TSU neural network suited to determine soil types and help agronomists

TSU neural network suited to determine soil types and help agronomists

Precision agricultural tools are especially important in Siberia and other regions that are risky farming areas. The use of a neural network will help to reduce losses and increase the yield of crops. Tomsk State University biologists and the IT company Syncretis have taught AI to analyze field fertility and crop condition from satellite images. The new tool will be available to Russian agronomists developing precision agricultural technologies. 

"An interdisciplinary group consisting of scientists, radiophysicists, meteorologists, IT specialists, and a number of other experts is working on the project", says associate professor of TSU Department of Soil Science and Soil Ecology of the Biological Institute, Oleg Merzlyakov. "Our partner, Syncretis, an IT services provider and developer of innovative software products and services, with partial involvement of an engineer at the Department of Meteorology and Climatology of Faculty of Geology and Geography of TSU, Vladislav Chursin, created a neural network for automated monitoring of the state of fields based on the analysis of satellite images. In order for the AI to recognize different types of soils, it was necessary to develop a system of biomarkers: having scanned them, the neural network will be able to determine all the most important functional features of a particular area of the field." 

Scientists spent two years creating the data library. The research was carried out in the TSU strategic project Global Earth Changes: Climate, Ecology, Quality of Life, supported by the program Priority 2030. Soil condition (humidity, temperature) and surface air were analyzed with sensors constructed by TSU radiophysicists. Additionally, soil scientists analyzed the condition of fields, selected and assessed soil samples in different climatic zones (for example, dry soil in Khakassia and humid in Tomsk Oblast), and identified correlations between the reflectivity of soils and crops and their satellite images. 

NDVI (Normalized Difference Vegetation Index) calibration is a simple indicator of the amount of photosynthetically active biomass (commonly referred to as the vegetation index)

Using the data library and machine learning, Syncretis and Tomsk State University scientists were able to train the tailor-made neural network. Currently, the computer model is capable of identifying imperfections in the fields, determining the level of fertility from satellite images (especially, the concentration of humus), providing forecasts on possible damage to crops and establishing the cause (frost, drought, pests, disease), and offering recommendations for problem solving. 
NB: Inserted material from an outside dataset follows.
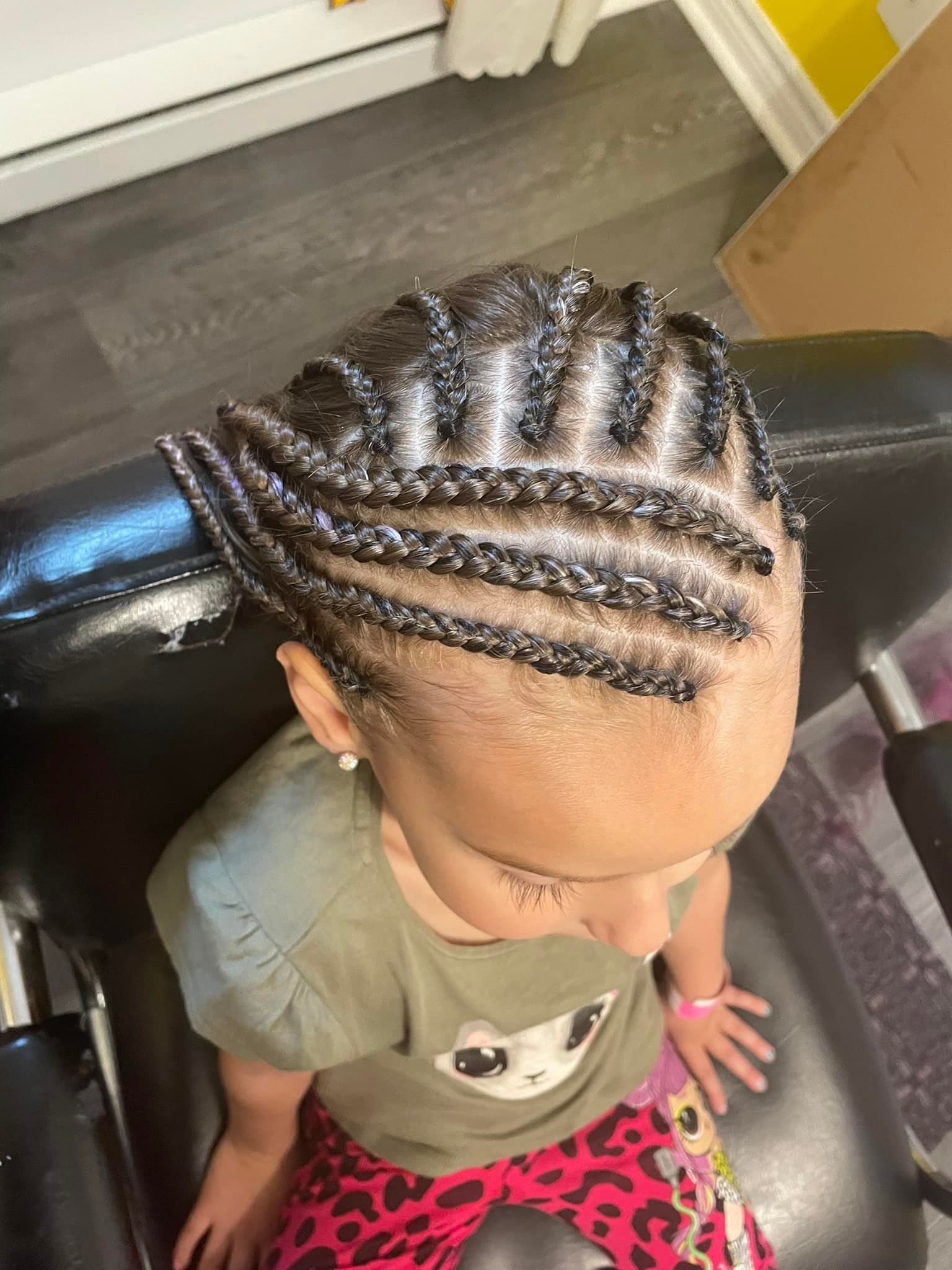 A little girl is sitting in a chair with braids in her hair.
"For example, if the damage is caused by a pest, the neural network outlines the problem area," explains Oleg Merzlyakov. "Next, the problem is solved with the help of the TSU Faculty of Innovative Technologies staff and their drones, for which they develop intelligent add-ons. At the first stage, drones carry out additional examination of the terrain, then the spot gets treated with maximum precision using the necessary agent. The lack of micro- and macro-elements is solved in the same manner. There is usually no need to process the entire field. The neural network determines the location and the shortage of elements, and drones execute precise treatment, which helps the agricultural producer save money." 

As of now, developers are determining which platform the new digital service will be hosted on. It will be available as a service to Russian agronomists working with precision farming tools and technologies. 
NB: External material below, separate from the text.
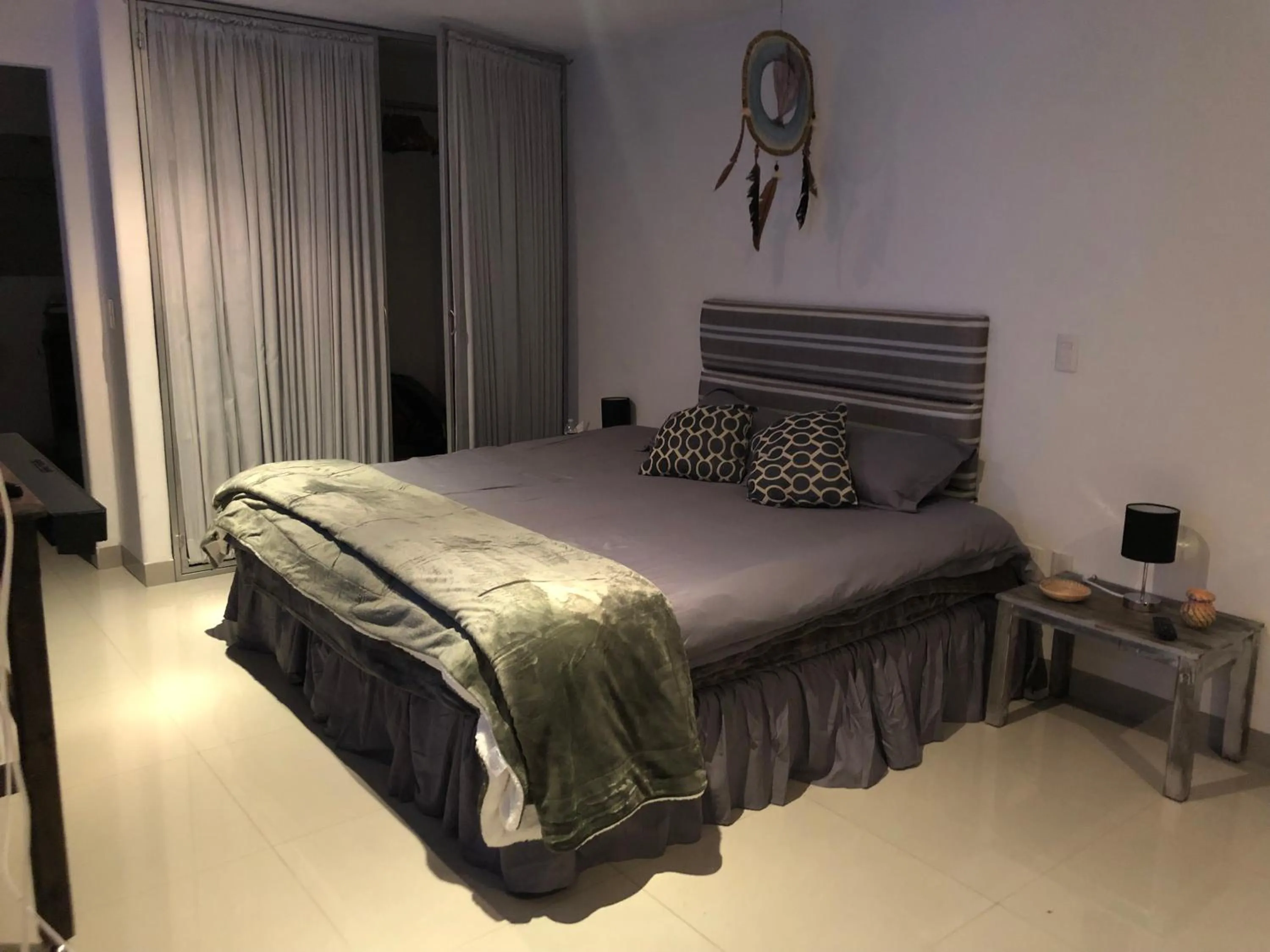 Bed in Magnolias Boutique Suites & SPA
Moreover, TSU scientists are developing a supplementary educational program, Digital Agronomist, for specialists who have basic specialized education but aspire to master the use of digital technologies in agriculture (coordinator of the program is Irina Kuzhevskaya, associate professor of the Department of Meteorology and Climatology of the TSU Faculty of Geology and Geography). 

Testing of the automatic monitoring system for the condition of fields will be conducted in 2023, on the fields in the Novosibirsk Oblast belonging to an industrial partner in the TSU strategic project Engineering Biology, with the support of the program Priority 2030.